Required work: Here is the task for the listing below: output exactly the lines from the one containing "ГБОУ СПО МО" through the one containing "Motion Against Our Moorings", and leave out the pictures.

Entries provided:
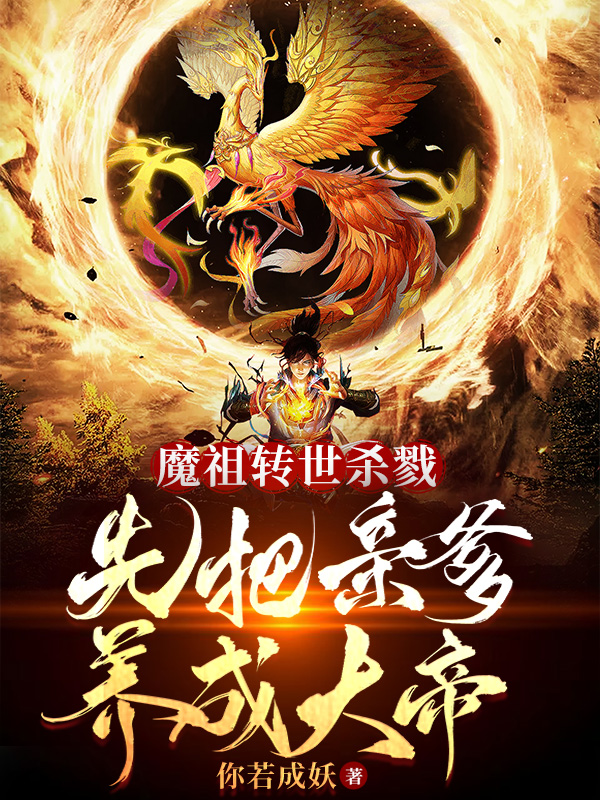 完整版《魔祖转世杀戮，先把亲爹养成大帝》全章节阅读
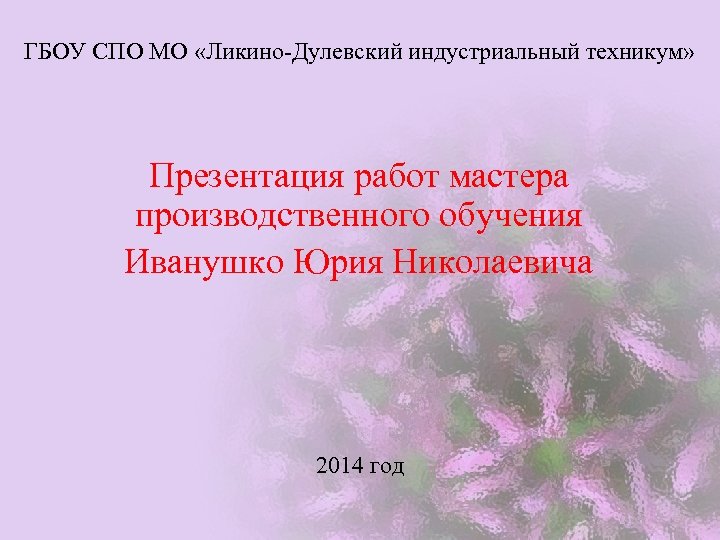 ГБОУ СПО МО «Ликино-Дулевский индустриальный техникум» Презентация работ мастера производственного обучения Иванушко Юрия Николаевича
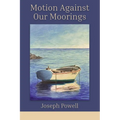 Motion Against Our Moorings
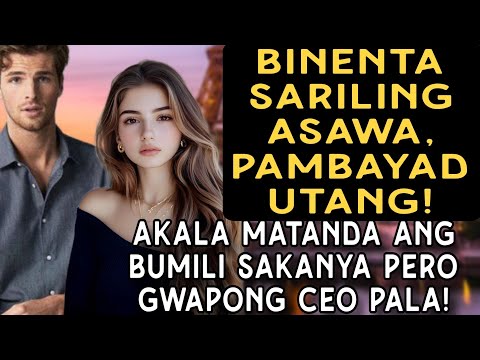 BINENTA SARILING ASAWA, PAMBAYAD UTANG! AKALA MATANDA ANG BUMILI SAKANYA PERO GWAPONG CEO PALA!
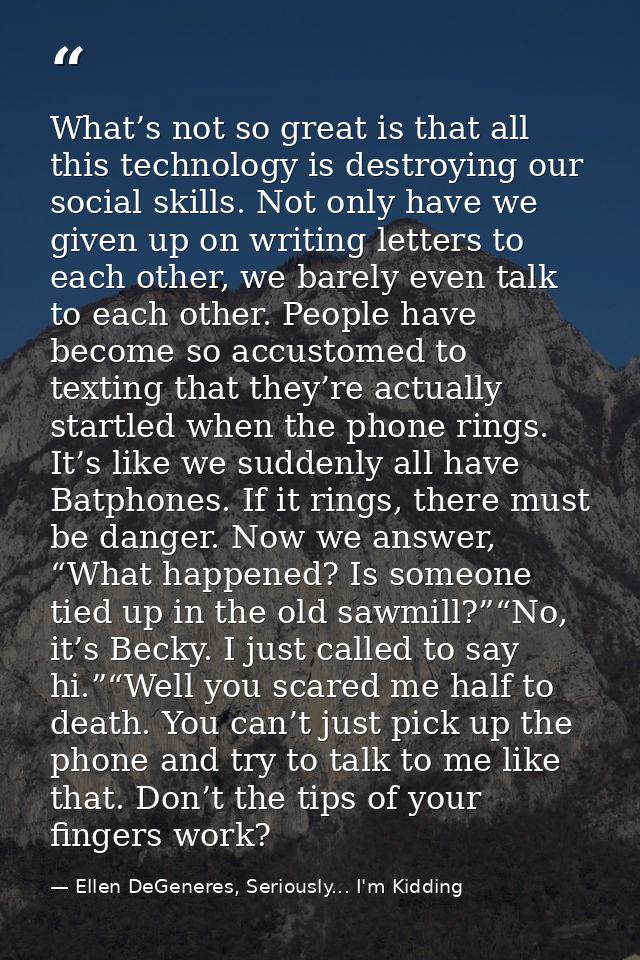What’s not so great is that all this technology is destroying our social skills. Not only have we given up on writing le — Ellen DeGeneres, Seriously... I'm Kidding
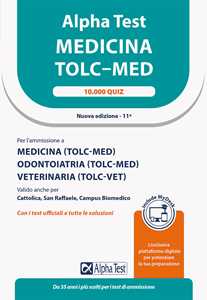 Libro Alpha test. Medicina. TOLC-MED. 10.000 quiz. Ediz. MyDesk. Con Contenuto digitale per download e accesso on line 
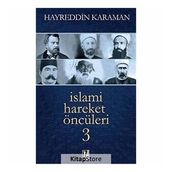 İSLAMİ HAREKET ÖNCÜLERİ - HAYREDDIN KARAMAN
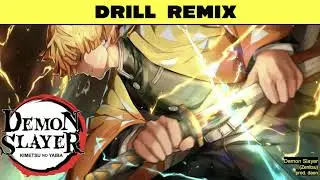 Drill Remix of Demon Slayer (Zenitsu)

Response to this task:
 ГБОУ СПО МО «Ликино-Дулевский индустриальный техникум» Презентация работ мастера производственного обучения Иванушко Юрия Николаевича
 Motion Against Our Moorings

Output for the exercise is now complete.